Türkiye’nin Suriye’de, hatta Libya’da emperyalist devletler arasında çelişkilerden yararlanarak izlediği politikanın “vatan savunması” ve “anti-emperyalizm” olarak ilan edilmesi yıllarca sırtını emperyalist güçlere dayamış, iktidara geldiği 2002 seçimlerinden önce bizzat 3-4 defa ABD’ye gidip icazet ve destek almış bir iktidar için oldukça ironik. Bununla birlikte, neredeyse hiçbir zaman icraata geçmeyen meydan okumaların AKP tabanındaki işçi ve emekçilerde önemli bir karşılığı olduğunu söylemek mümkün.

 

KÜRESELLEŞMECİLİK

2013 yılına kadar AKP’yi çevrenin merkeze, sivil toplumun devlete, Anadolu burjuvazisinin askeri-sivil bürokrasiye başkaldırısı ve bir tür burjuva demokratik devrimin öznesi olarak gören Türkiye liberal “sol”unun emperyalizm analizi de AKP analizi gibi sığdır. Örneğin Yeşiller ve Sol Gelecek Partisi’nin düzenlediği “Bilgiye Erişim ve Birlikte Değerlendirme” toplantısında konuşan Birikim Dergisi Yazarı Murat Belge şunları söylemişti: “Kulağa kaba gelen bir sözü yumuşatır ve kibarca söyleriz. Örneğin ‘öldü’ demek yerine ‘vefat etti’ deriz. Anti emperyalizm de milliyetçiliğin kibarca söyleniş şeklidir. Milliyetçilik ile solun etkileşimi sadece ülkemize has bir özellik de değildir. Dünyadaki örnekleri oldukça fazladır.[8]

Anti-emperyalizmin milliyetçiliğe indirgenmesi ve reddedilmesi küreselleşmeci (neo)liberalliğin “kibarca söyleniş şeklidir”. Anti-emperyalizmin “sol” adına reddi ile emperyalizmin siyasal baskı ve şiddete indirgenmesi arasında içsel ve güçlü bir ilişki vardır ve bunun üzerinde durmaya değer.

Soğuk savaş”ın taraflarından birinin ortadan kalkması ve “kapitalizmin zaferini ilan etmesi” ile ABD’nin öncülüğünü yaptığı “hür dünya” düşmanlığın, tehditlerin, savaş ve gerilimlerin son bulduğu, “tek kutuplu”, refah içinde bir “yeni dünya düzeni” vaat etmişti. Teknoloji, zenginlik ve adaletin ulusal sınırları aşarak tüm dünyayı sarıp sarmalayacağını varsayan, artık bir “küresel köy”de yaşadığımızı vaaz eden küreselleşme ideolojisi sadece kapitalist neoliberal saldırganlığın maskesi değil “sol”u ve kimi muhalif kesimleri sinsice teslim alan bir ideolojik kuşatma olarak şekillendi.

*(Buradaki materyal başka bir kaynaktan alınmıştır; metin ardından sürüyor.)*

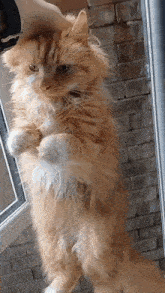 a fluffy orange cat standing on its hind legs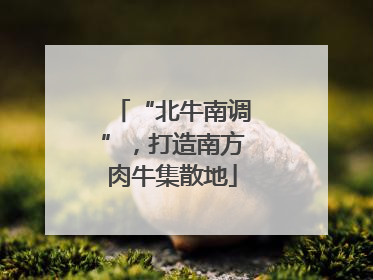 “北牛南调”，打造南方肉牛集散地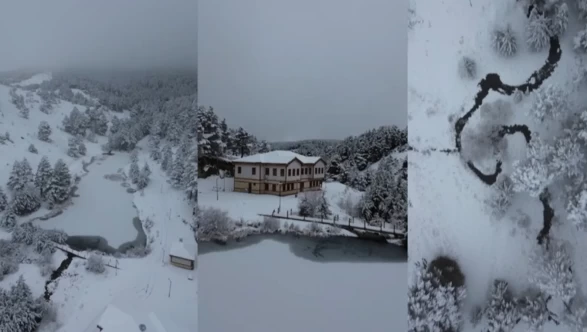 Erzincan’daki Dumanlı Tabiat Parkı karla kaplandı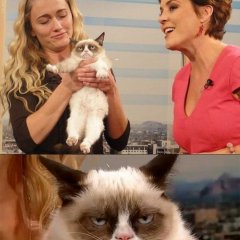 Грустный котэ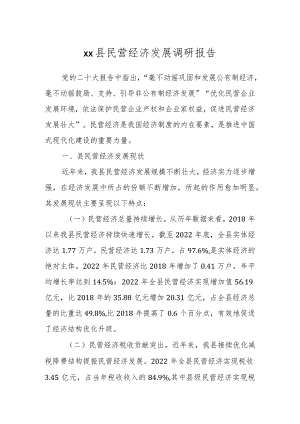 XX县民营经济发展调研报告.docx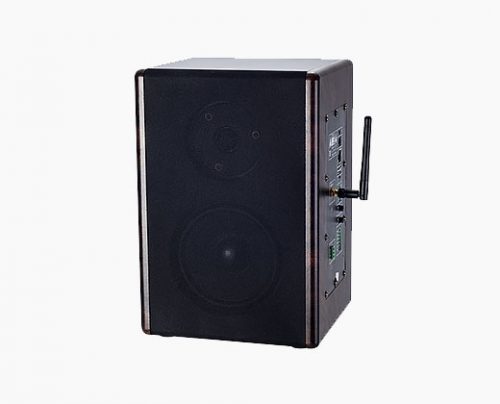 LAX SK-9523 數(shù)字網(wǎng)絡(luò)監(jiān)聽音箱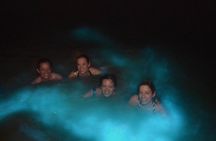 Luminous Lagoon Night Boat Tour in Jamaica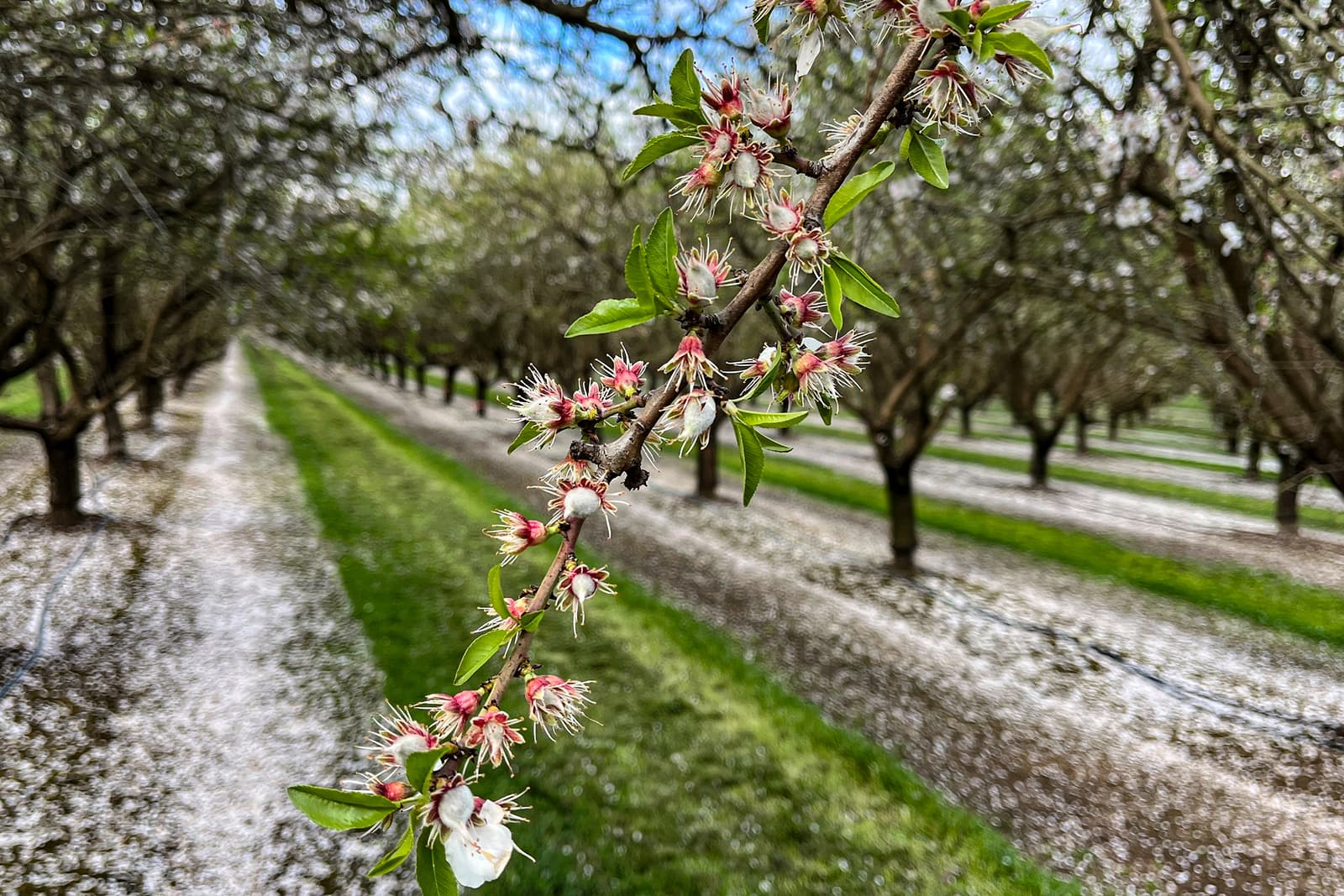 A close-up of a blossoming tree branch with pink flowers in an orchard; fallen petals cover the ground, and rows of trees extend into the distance.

Egemen ideolojik söylem haline gelen, bugün bu özelliğini hala koruyan “küreselleşme”nin 1990’lı yıllarda popülarize olmasının nedenlerinden biri, o zamana kadar etkili olan farklı blok ve kutuplaşmaların çözülmesiydi. İkinci Dünya Savaşı’nın hemen ardından dünyanın sosyalist Doğu Bloku ve sözde “hür dünya” olarak bölündüğü koşullarda bugünkü içeriği ile “küreselleşme” söyleminin zemini yoktu. Keza, aynı dönemlerde başlayıp sonraki on yıllar boyunca devam eden Latin Amerika, Afrika ve Asya’nın ulusal kurtuluş hareketleri “küreselleşme” bir yana, emperyalist dünya sistemine itiraz ve ondan kopma iddiasıyla yükselmiş ve çok sayıda ülkede iktidara gelmişti. Dünya pek de “küresel” bir görünüme sahip değildi.

Küreselleşme söyleminin etkili olmasının altında yatan diğer ve temel bir neden de tekelci sermayenin bir bütün olarak dünya ekonomisini, kendi ihtiyaçları doğrultusunda yeniden düzenleme konusunda elde ettiği başarıdır. 1960’ların ikinci yarısından itibaren kâr oranları düşen, yeni yatırım alanları sıkıntısı çeken, ülkelerin izlediği ithal ikameci sanayi politikaları nedeniyle geniş pazarlara girmekte zorlanan uluslararası sermayenin önemli bir bölümü, 1973-4 krizinin ardından tüm kapitalist ekonomik yapıyı ihtiyaçları temelinde dönüştürmeye koyuldu. İngiltere’de Başbakan Margaret Thatcher, ABD’de Başkan Ronald Reagan’ın en tipik temsilcileri olduğu neoliberal politika konsepti uluslararası düzenleme kurumları tarafından tüm bağımlı dünyaya dayatıldı. Ulusal hareketlerin iktidara geldiği bağımlı ülkeler emperyalizmden gerçek bir kurtuluşu sağlayamayıp borç batağına saplanmış ve 1980’li yıllarda IMF’nin kapısına zaten gitmişti. Kimi ülkeler baskı ve darbelerle, kimileri işbirlikçi burjuvazinin gönüllü geçiş süreciyle kimileri de IMF gibi kurumların kılavuzluğu ve dayatmalarıyla “ihracata dayalı sanayileşme” denilen, aslında ülke ekonomisinin yabancı sermaye ve ürünlerine sonuna kadar açıldığı neoliberal iktisadi konsepte geçti. Tek tek dünya ekonomilerinin ortak pazar uygulamaları, uluslararası sermayenin önünde engellerin kaldırılması ve finansal serbestleşme ile sermaye için “kaynaşmış, “ulusal sınırlamalardan kurtulmuş” tek bir “küresel” dünya inşa edilmekteydi. Böyle bir dünyanın burjuva ideolojisi “küreselleşme” idi.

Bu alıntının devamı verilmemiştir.